I agree that one glass here or there will not hinder progress, and high fives to those who have the will power to say "no more" in social situations.
However I do believe it's important to highlight that there is a fine line between alcohol having no effects and having detrimental effects.
NHS studies have shown that one glass with your sunday meal can be benificial to your health. But two glasses overwrites those benifits and actually becomes something negative. This sort of alcohol once in a while won't leave any lasting detrimental effect on the body or mind, but regularly taken over a long period of time will be detrimental to body and mind. I knew a lecturer while I was at uni who had a glass of wine everyday with his dinner and he had significant health problems, but didn't have the will power to give it up. *edit* (he was in his 70s)
Wine glasses in the UK have actually increased in size, so one glass is actually equivilant to 1 and half.
So while I agree that we shouldn't prohibit alcohol (I favour "abstain") I do not think discussion on the matter to be silly.
I mostly agree with what you say. People need to act responsibly. If we don't know how to behave when it comes to booze, we're in deep shit as this is a minor challenge among the many we will face. For some people though, alcohol is a big problem and they should stay clear, Buddhist or not.
As with every action, we should try to foresee the outcome. The same applies when we drink. If by ingesting some beverages we get a better health and don't hurt ourselves or others, there's no reason for us not to take it.

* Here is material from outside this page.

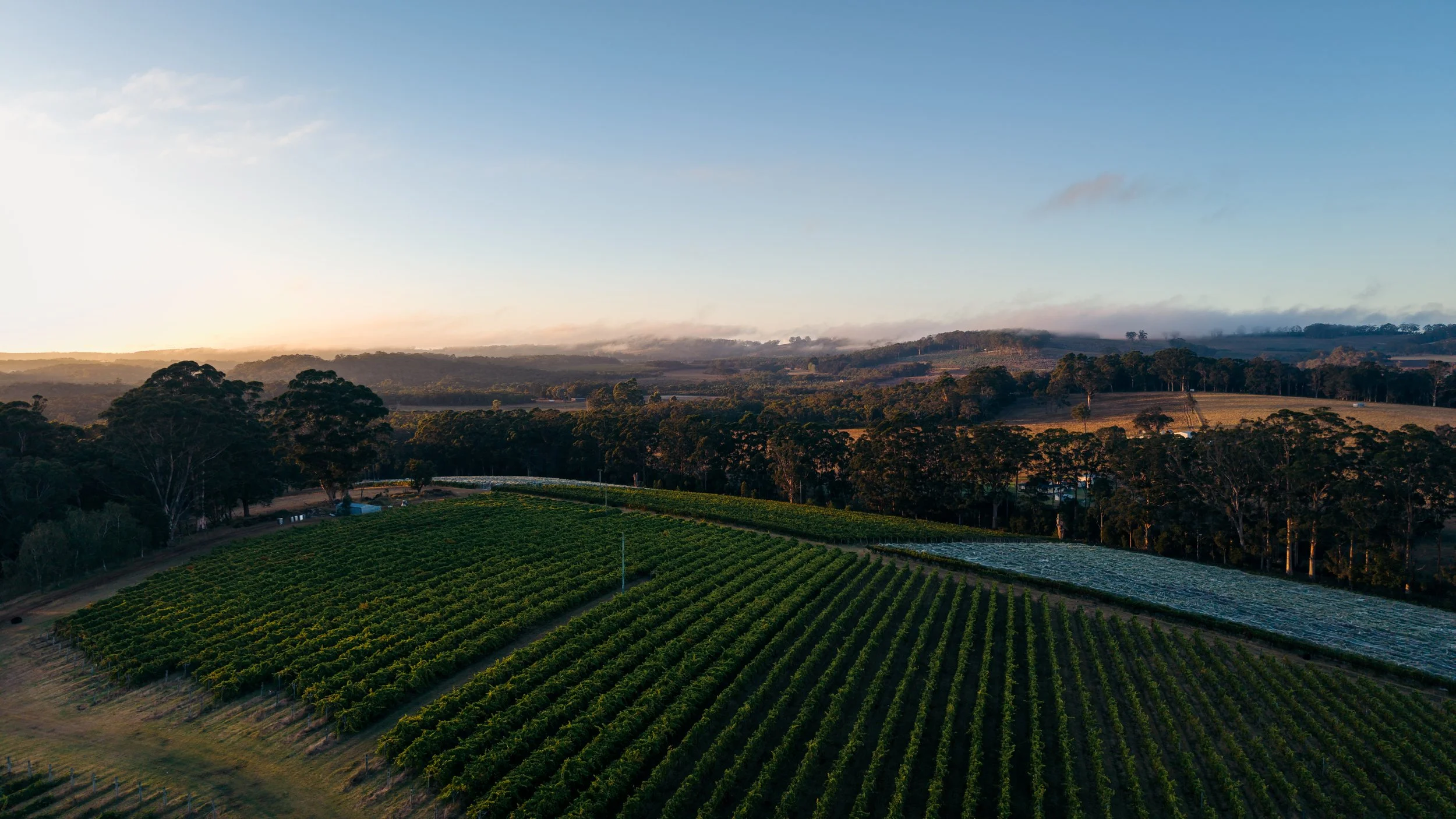 Aerial view of vineyard rows at Harewood Estate in Denmark WA, part of the Great Southern cool-climate wine region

The discussion of the matter itself is not silly. Silly is someone arguing that a pint or a glass of wine will block realization (unless in very specific cases). I should have been more clear. If someone took a vow, then it's also little different, because such person is betraying his own commitment and this may have a psychological effect the next time someone is trying to uphold something. But in the good spirit of Buddhist moral, our actions are mostly evaluated by the intention behind them, the skill applied and their consequences. Knowing that, it should be obvious how are we to see this whole issue. This doesn't mean, however, that if someone wants to take such precept as a training method such should be discouraged. There's a place for it also. Nevertheless, considering alcohol nasty per se and, as such, off limits to Buddhists is plain worthless puritanical mentality.